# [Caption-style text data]

......

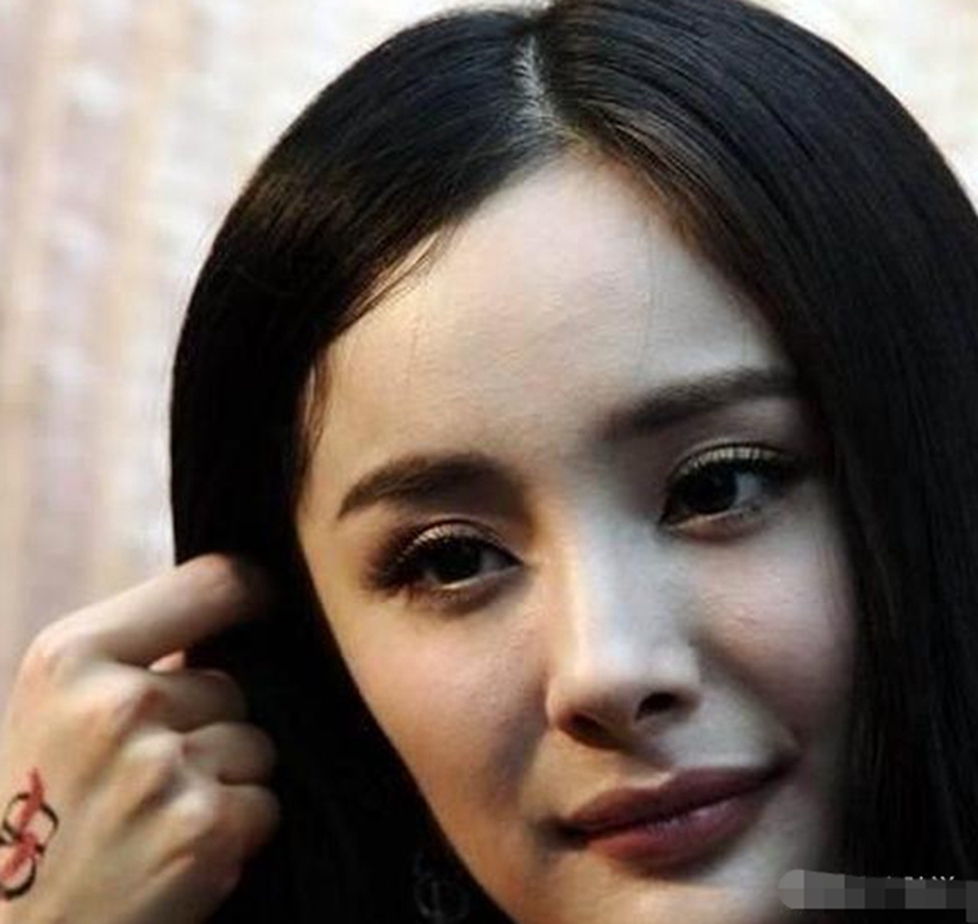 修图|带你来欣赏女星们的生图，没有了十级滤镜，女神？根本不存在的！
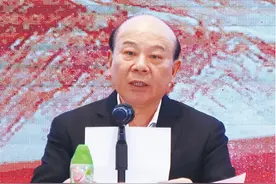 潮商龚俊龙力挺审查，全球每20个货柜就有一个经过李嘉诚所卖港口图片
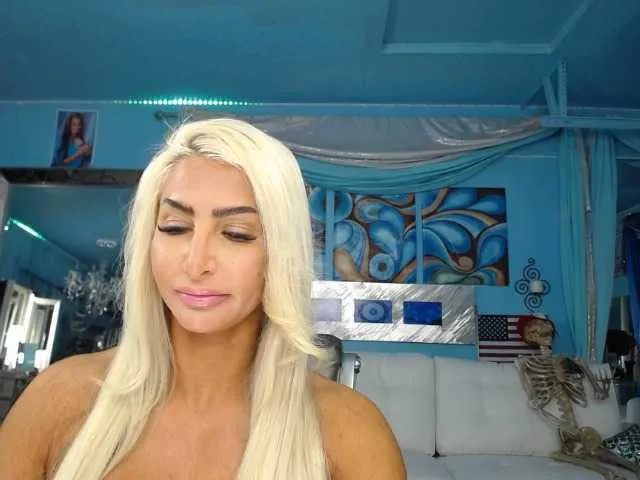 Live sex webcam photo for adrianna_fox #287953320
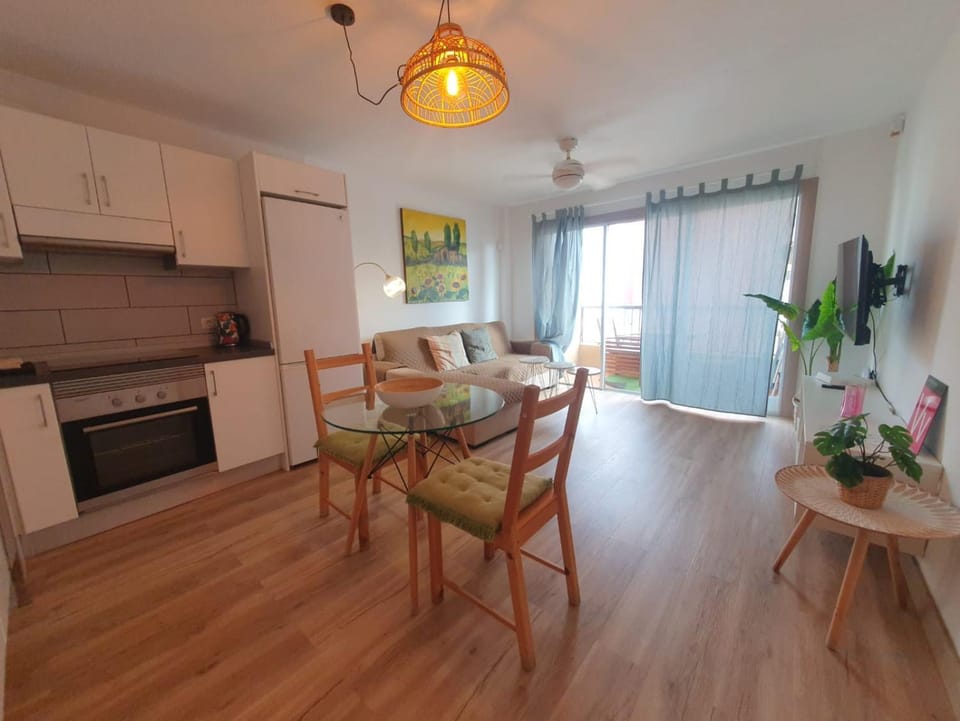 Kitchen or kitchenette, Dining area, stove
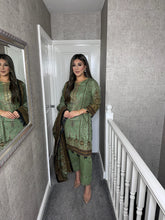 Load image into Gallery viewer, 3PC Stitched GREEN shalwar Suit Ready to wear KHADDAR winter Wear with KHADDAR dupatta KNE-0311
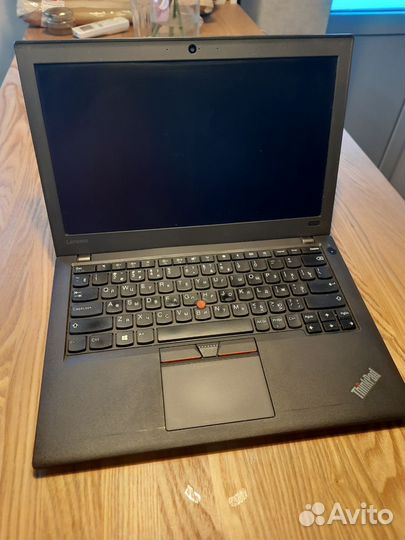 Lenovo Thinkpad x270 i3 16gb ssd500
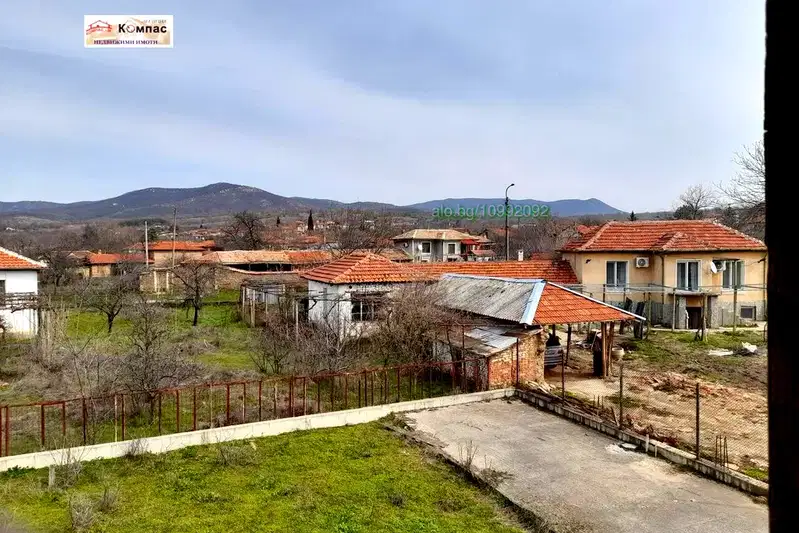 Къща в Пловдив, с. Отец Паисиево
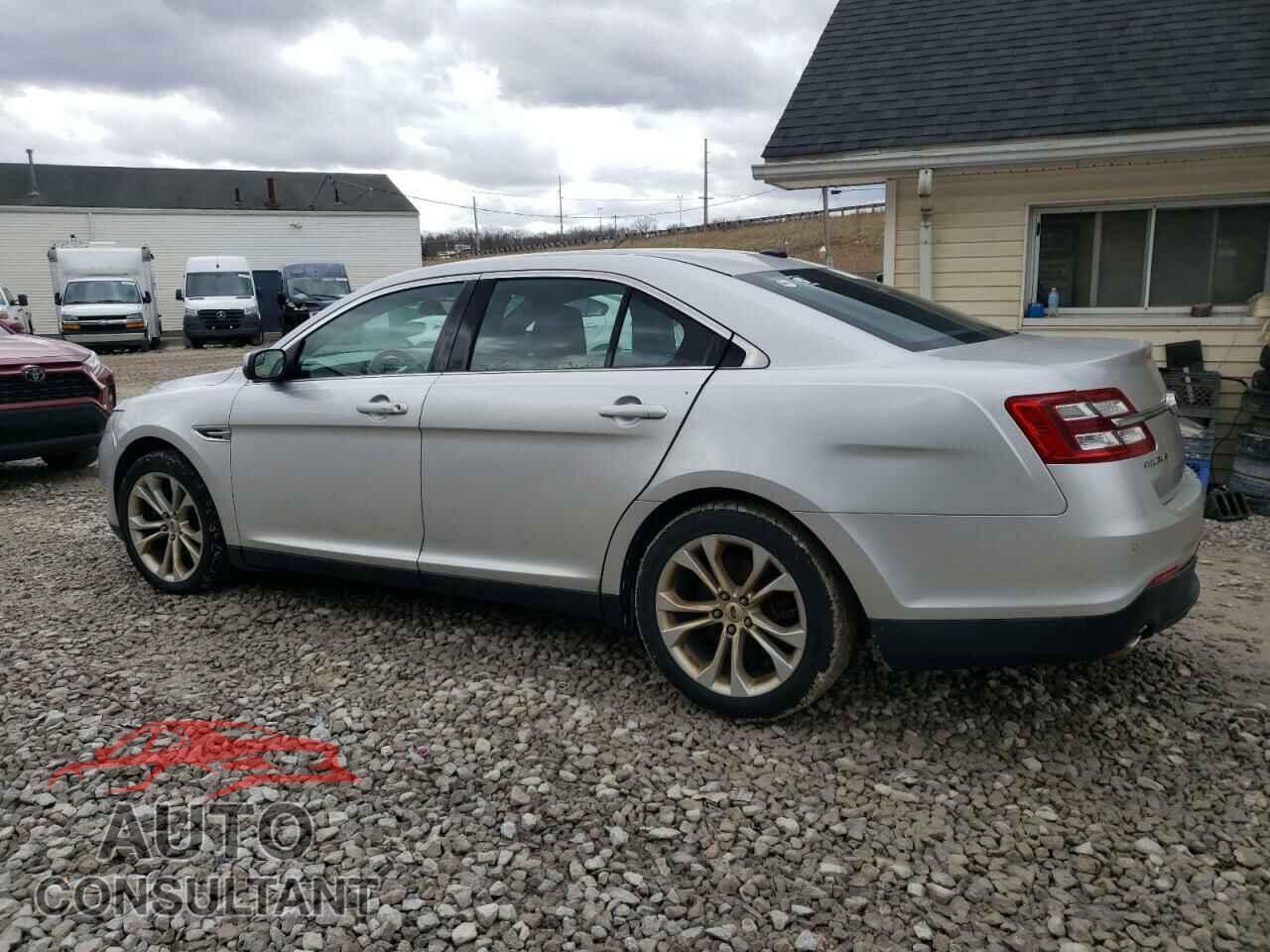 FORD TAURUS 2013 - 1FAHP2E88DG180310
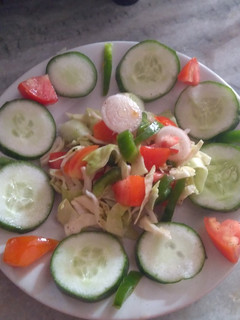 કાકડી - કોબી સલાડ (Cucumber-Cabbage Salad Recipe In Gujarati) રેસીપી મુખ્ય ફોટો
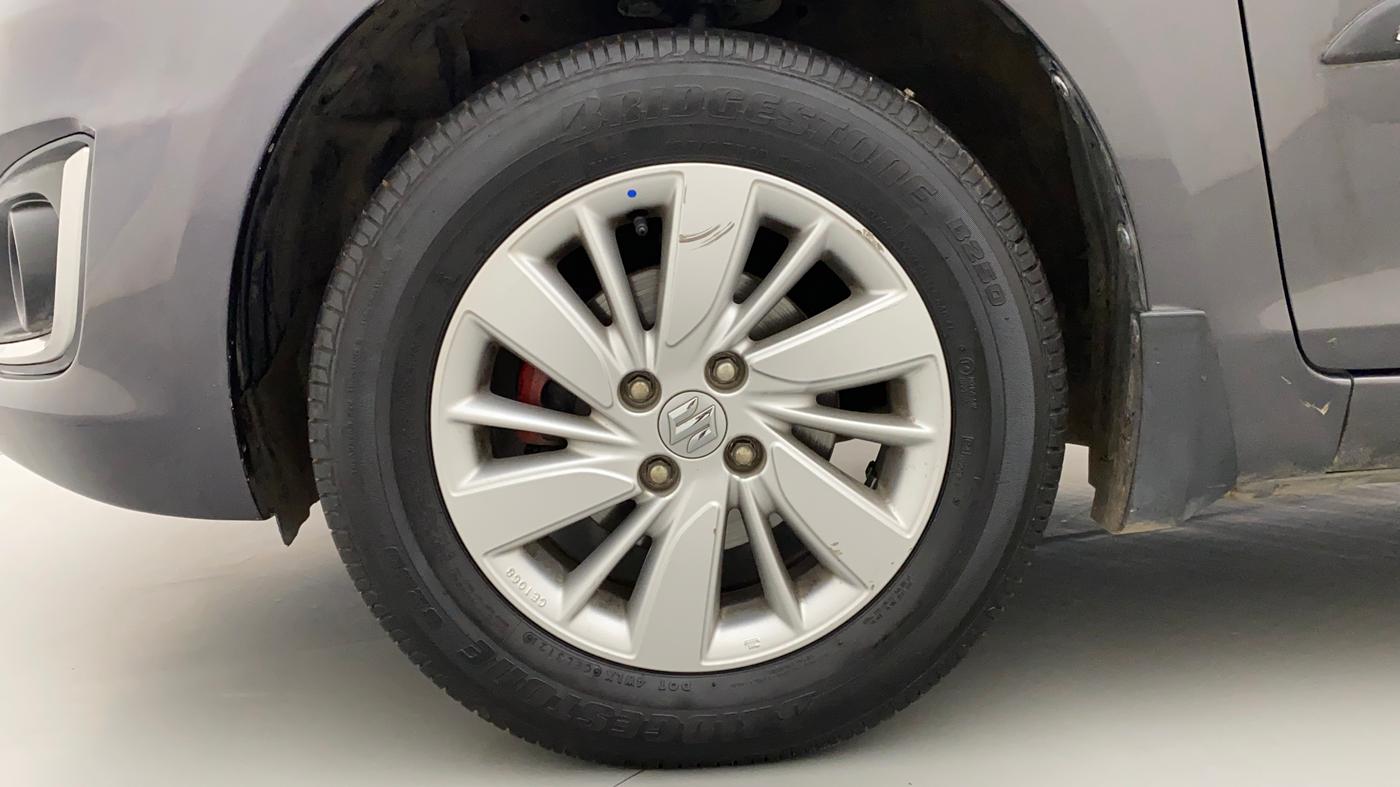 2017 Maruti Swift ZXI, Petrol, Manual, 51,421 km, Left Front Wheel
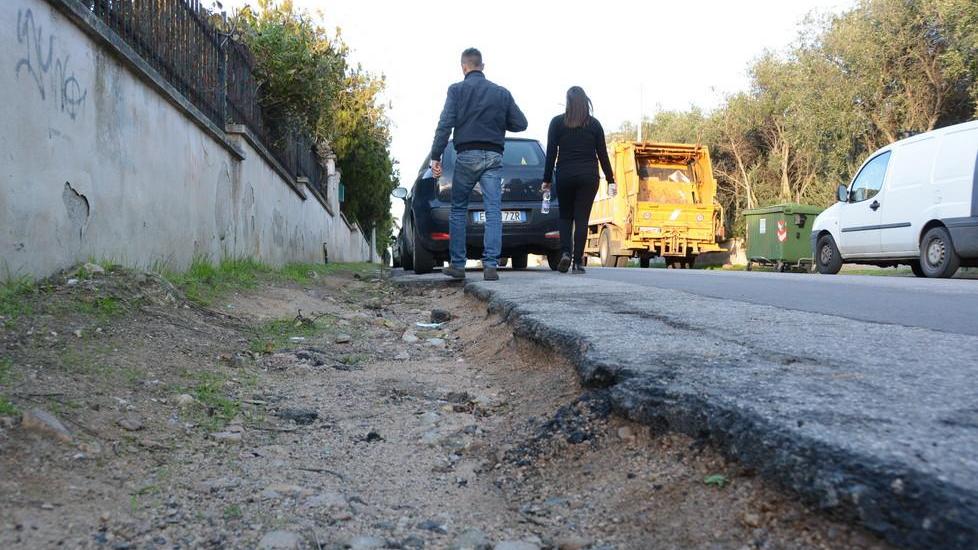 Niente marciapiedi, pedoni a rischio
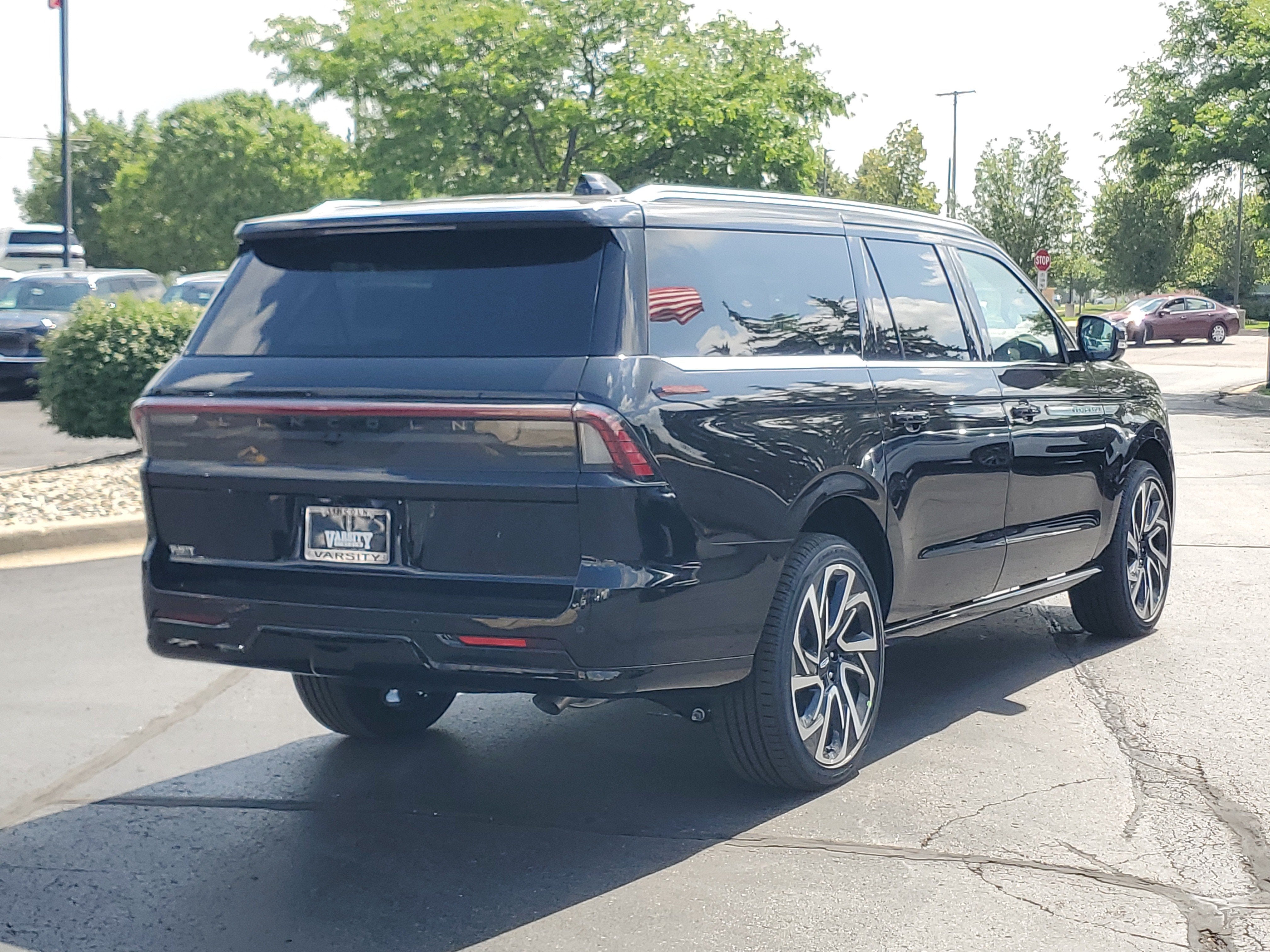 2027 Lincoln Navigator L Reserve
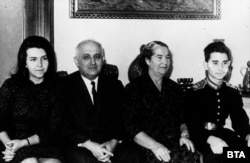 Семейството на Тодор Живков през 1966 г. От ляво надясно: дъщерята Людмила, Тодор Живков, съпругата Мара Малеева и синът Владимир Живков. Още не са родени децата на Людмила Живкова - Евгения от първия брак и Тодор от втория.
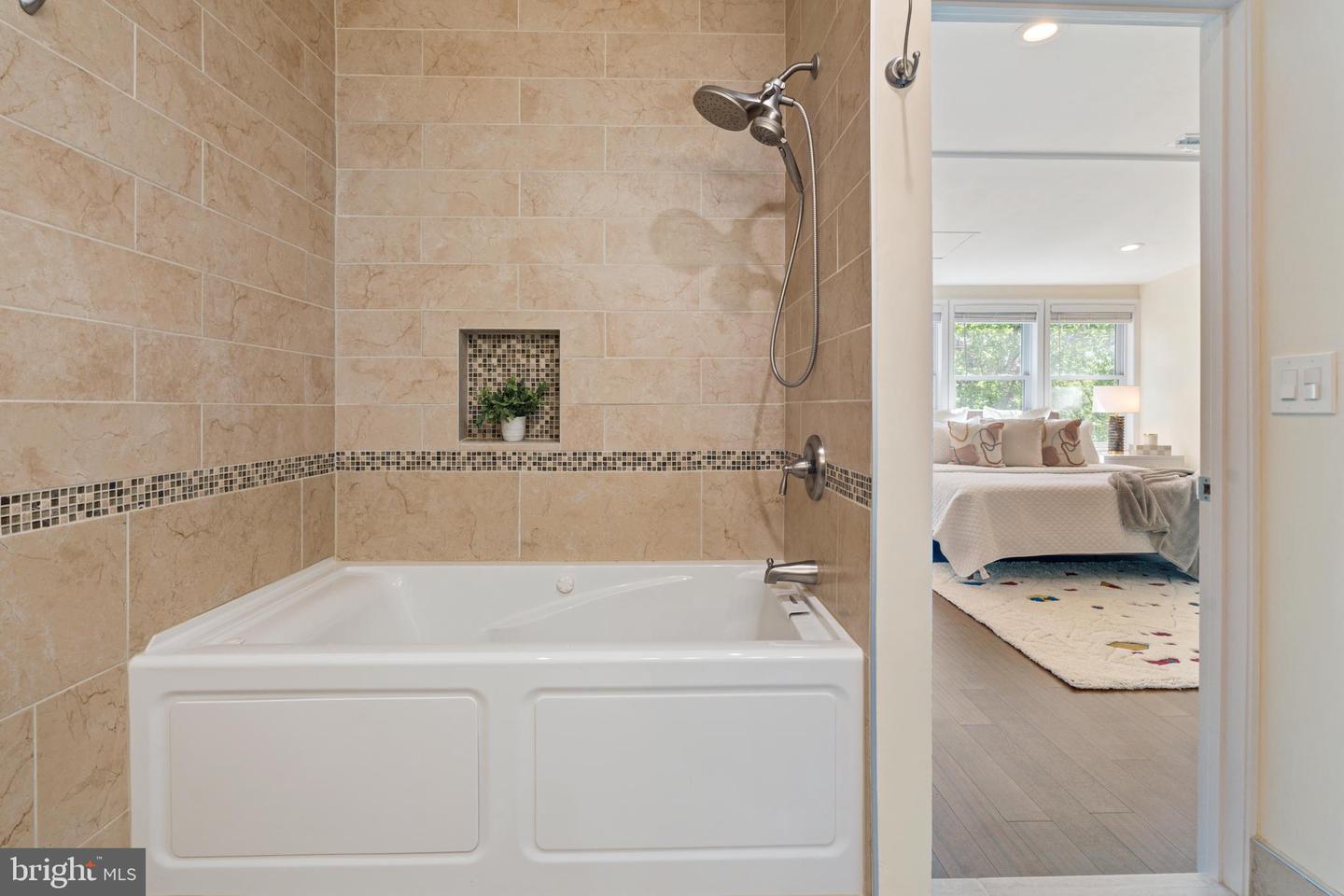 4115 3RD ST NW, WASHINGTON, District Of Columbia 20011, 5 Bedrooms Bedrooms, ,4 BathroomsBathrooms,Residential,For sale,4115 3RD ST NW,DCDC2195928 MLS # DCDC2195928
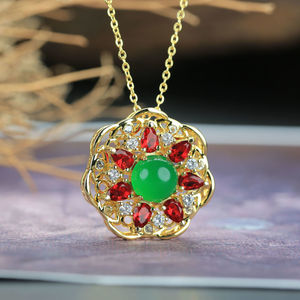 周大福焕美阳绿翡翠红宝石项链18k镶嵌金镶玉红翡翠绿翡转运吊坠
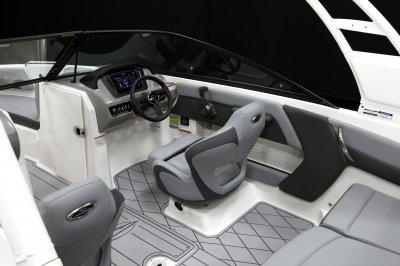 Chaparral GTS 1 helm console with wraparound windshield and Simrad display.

......

The data above must be reproduced exactly, without any of its pictures.

 修图|带你来欣赏女星们的生图，没有了十级滤镜，女神？根本不存在的！
 潮商龚俊龙力挺审查，全球每20个货柜就有一个经过李嘉诚所卖港口图片
 Live sex webcam photo for adrianna_fox #287953320
 Kitchen or kitchenette, Dining area, stove
 Load image into Gallery viewer, 3PC Stitched GREEN shalwar Suit Ready to wear KHADDAR winter Wear with KHADDAR dupatta KNE-0311
 Lenovo Thinkpad x270 i3 16gb ssd500
 Къща в Пловдив, с. Отец Паисиево
 FORD TAURUS 2013 - 1FAHP2E88DG180310
 કાકડી - કોબી સલાડ (Cucumber-Cabbage Salad Recipe In Gujarati) રેસીપી મુખ્ય ફોટો
 2017 Maruti Swift ZXI, Petrol, Manual, 51,421 km, Left Front Wheel
 Niente marciapiedi, pedoni a rischio
 2027 Lincoln Navigator L Reserve
 Семейството на Тодор Живков през 1966 г. От ляво надясно: дъщерята Людмила, Тодор Живков, съпругата Мара Малеева и синът Владимир Живков. Още не са родени децата на Людмила Живкова - Евгения от първия брак и Тодор от втория.
 4115 3RD ST NW, WASHINGTON, District Of Columbia 20011, 5 Bedrooms Bedrooms, ,4 BathroomsBathrooms,Residential,For sale,4115 3RD ST NW,DCDC2195928 MLS # DCDC2195928
 周大福焕美阳绿翡翠红宝石项链18k镶嵌金镶玉红翡翠绿翡转运吊坠
 Chaparral GTS 1 helm console with wraparound windshield and Simrad display.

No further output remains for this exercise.